In merito al blocco dei diesel Euro 5, negli ultimi giorni imperversa la polemica, infatti, come spiega il Comitato Torino Respira, “la misura comprensibilmente porterà dei disagi ai possessori di questi veicoli come li ha portati a quelli di categoria inferiore già fermati negli anni precedenti”. Per il Comitato paghiamo vent’anni di ritardi della politica ed è quindi necessario ridurre l’inquinamento da traffico per proteggere la salute dei cittadini e non perché ce lo chiede l’Unione europea.
Torino respira spiega che, se la rabbia dei cittadini colpiti da questa misura è comprensibile, non lo sono per niente le dichiarazioni di assessori e ministri responsabili di queste decisioni, che si difendono dicendo che questa misura “è colpa di Bruxelles” e che va fatta perché “ce lo chiede l’Europa”.
Di seguito il comunicato completo del Comitato Torino Respira
A Torino, il 70% delle emissioni di ossidi di azoto sono dovute al traffico e i due terzi delle polveri sottili sono di origine secondaria, cioè si formano per una reazione tra ossidi di azoto e zolfo e l’ammoniaca prodotta dalle attività agricole delle campagne circostanti, in particolare dagli allevamenti intensivi e dall’uso di concimi azotati.
Certo, il riscaldamento e le attività industriali contribuiscono, ma ormai è dimostrato che lo fanno in parte minore, e, che se non si ridurranno in modo molto drastico le emissioni da traffico e agricoltura il problema non si risolverà mai.

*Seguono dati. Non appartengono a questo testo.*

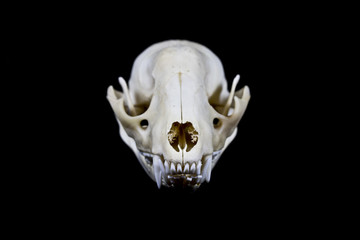 Obraz premium Raccoon Skull on Black Background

Nonostante questo, anziché portare avanti politiche efficaci di riduzione del traffico privato, di sostegno al trasporto pubblico ed alla mobilità sostenibile e di transizione ad una gestione sostenibile dell’agricoltura, chi governa ed ha governato in passato la Regione, ha sempre guardato altrove.
Pochi sanno, ad esempio, che il Piemonte è stata l’ultima tra le regioni del nord Italia ad approvare il Piano Regionale per la Qualità dell’Aria, e che in Piemonte esistono 14 linee ferroviarie sospese, che la Regione stessa voleva chiudere definitivamente anziché trovare soluzioni per il loro rilancio. Non è all’Europa che dobbiamo la riduzione dell’inquinamento dell’aria, è ai cittadini italiani, soprattutto a quelli più deboli, come i bambini che soffrono di malattie croniche e gli anziani che muoiono prematuramente. Lo dobbiamo anche ai nostri figli e nipoti, perché quasi ogni azione per ridurre le emissioni di inquinanti dell’aria è anche un’azione per ridurre le emissioni di gas ad effetto serra e combattere il cambiamento climatico, e non c’è momento migliore della peggiore ondata di caldo estremo di sempre per capire l’importanza di questo obiettivo.
Decisioni come questa però pesano soprattutto sui cittadini economicamente più deboli, che spesso vivono anche nei luoghi serviti peggio dal trasporto pubblico. Per questo non possono arrivare all’improvviso, devono essere spiegate bene e accompagnate da misure di sostegno per evitare che si consolidino sentimenti contrari ad una transizione ecologica sempre più indispensabile e urgente.